=== DATA IN THIS EXERCISE ===

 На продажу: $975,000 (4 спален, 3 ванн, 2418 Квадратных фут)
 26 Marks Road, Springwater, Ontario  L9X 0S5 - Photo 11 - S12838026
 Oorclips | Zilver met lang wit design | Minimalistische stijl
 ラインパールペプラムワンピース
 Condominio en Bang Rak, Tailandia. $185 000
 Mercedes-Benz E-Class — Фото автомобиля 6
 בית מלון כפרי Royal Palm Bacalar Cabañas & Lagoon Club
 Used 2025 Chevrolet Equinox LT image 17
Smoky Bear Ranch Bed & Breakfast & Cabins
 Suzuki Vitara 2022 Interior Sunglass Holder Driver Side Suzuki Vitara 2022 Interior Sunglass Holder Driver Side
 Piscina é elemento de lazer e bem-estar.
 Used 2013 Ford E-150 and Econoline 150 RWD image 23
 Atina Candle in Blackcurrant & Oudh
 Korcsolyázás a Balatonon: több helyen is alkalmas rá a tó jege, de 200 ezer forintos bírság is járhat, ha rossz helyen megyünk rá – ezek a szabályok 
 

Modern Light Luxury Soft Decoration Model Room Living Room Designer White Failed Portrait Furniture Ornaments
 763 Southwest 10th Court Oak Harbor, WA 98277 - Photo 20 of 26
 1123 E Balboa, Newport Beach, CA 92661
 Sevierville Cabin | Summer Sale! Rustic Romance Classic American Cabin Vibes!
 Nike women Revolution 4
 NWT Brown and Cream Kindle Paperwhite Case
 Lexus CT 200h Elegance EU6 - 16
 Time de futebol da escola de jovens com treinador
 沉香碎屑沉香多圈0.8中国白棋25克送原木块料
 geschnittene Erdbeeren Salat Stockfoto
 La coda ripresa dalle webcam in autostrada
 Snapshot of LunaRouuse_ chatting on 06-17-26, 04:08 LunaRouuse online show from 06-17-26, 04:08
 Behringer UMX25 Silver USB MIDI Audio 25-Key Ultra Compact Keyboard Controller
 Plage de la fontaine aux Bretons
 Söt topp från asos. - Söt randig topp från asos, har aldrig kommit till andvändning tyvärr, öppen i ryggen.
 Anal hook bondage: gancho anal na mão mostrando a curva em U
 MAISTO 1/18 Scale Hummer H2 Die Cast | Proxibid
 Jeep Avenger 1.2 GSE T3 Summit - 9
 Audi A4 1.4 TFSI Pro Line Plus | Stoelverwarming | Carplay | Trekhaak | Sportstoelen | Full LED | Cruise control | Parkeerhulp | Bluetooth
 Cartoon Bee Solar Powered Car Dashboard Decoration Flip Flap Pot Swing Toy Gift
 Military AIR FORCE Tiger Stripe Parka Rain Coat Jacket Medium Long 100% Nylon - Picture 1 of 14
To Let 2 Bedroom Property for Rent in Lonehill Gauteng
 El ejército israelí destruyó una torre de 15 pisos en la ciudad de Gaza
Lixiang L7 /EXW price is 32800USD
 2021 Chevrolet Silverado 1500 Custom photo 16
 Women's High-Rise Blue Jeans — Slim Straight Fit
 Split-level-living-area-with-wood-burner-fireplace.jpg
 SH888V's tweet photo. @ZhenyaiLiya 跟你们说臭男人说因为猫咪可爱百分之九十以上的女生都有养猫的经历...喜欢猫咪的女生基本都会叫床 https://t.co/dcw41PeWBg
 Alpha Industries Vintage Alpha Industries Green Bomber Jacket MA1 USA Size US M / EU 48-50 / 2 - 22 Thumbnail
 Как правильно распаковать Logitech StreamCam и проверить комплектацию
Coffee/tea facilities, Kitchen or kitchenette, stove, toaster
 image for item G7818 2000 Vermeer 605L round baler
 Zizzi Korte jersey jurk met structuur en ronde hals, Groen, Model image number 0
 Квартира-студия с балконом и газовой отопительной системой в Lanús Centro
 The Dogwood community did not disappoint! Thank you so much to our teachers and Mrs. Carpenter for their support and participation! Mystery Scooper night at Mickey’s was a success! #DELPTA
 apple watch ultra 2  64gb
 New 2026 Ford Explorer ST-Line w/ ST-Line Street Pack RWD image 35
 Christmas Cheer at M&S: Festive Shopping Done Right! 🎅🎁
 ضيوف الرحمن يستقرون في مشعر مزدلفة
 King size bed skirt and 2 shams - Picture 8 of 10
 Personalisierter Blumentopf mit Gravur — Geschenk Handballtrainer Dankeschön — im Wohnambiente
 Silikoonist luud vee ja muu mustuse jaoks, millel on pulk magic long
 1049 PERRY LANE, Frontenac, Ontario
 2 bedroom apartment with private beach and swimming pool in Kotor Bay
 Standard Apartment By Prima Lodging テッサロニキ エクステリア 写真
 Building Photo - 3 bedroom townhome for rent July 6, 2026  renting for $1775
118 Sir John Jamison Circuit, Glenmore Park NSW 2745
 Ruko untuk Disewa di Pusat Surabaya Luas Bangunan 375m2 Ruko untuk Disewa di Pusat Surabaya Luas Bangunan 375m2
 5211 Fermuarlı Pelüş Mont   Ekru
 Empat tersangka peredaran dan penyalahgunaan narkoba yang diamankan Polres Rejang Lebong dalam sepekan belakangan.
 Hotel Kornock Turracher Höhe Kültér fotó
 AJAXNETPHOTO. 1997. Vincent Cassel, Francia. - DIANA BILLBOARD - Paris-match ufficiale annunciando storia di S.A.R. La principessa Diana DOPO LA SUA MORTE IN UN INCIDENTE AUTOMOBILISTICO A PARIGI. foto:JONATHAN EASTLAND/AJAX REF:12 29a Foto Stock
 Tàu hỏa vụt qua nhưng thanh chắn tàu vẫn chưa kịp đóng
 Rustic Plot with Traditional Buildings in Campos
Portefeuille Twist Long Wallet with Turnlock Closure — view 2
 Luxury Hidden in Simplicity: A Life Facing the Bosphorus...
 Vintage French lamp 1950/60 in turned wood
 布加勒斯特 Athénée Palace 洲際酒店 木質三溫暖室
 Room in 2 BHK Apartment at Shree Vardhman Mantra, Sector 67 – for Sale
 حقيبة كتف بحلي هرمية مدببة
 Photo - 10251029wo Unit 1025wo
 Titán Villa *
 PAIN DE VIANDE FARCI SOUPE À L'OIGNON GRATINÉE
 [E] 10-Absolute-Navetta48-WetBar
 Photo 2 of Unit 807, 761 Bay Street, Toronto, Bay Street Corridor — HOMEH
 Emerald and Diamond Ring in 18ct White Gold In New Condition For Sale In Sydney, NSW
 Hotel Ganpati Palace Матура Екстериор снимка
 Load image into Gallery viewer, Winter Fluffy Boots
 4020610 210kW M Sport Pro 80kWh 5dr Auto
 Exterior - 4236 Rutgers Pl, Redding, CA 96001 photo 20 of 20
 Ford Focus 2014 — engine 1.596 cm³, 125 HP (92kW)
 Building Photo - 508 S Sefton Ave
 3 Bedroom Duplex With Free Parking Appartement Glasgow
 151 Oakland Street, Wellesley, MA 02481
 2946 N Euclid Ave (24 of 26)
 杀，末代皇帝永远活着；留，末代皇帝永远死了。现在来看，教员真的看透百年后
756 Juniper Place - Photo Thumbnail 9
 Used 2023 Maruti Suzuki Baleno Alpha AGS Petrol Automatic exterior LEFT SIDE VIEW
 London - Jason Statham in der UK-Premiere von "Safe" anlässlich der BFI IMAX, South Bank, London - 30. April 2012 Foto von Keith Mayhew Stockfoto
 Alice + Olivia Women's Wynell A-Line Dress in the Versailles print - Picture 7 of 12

===

* **HOW TO COMPLETE THIS TASK**: All that belongs in your answer is the stretch of entries above from the line with "NWT Brown and Cream Kindle Paperwhite Case" through the line with "Plage de la fontaine aux Bretons", printed exactly.

* **SOLVED EXERCISE**:
 NWT Brown and Cream Kindle Paperwhite Case
 Lexus CT 200h Elegance EU6 - 16
 Time de futebol da escola de jovens com treinador
 沉香碎屑沉香多圈0.8中国白棋25克送原木块料
 geschnittene Erdbeeren Salat Stockfoto
 La coda ripresa dalle webcam in autostrada
 Snapshot of LunaRouuse_ chatting on 06-17-26, 04:08 LunaRouuse online show from 06-17-26, 04:08
 Behringer UMX25 Silver USB MIDI Audio 25-Key Ultra Compact Keyboard Controller
 Plage de la fontaine aux Bretons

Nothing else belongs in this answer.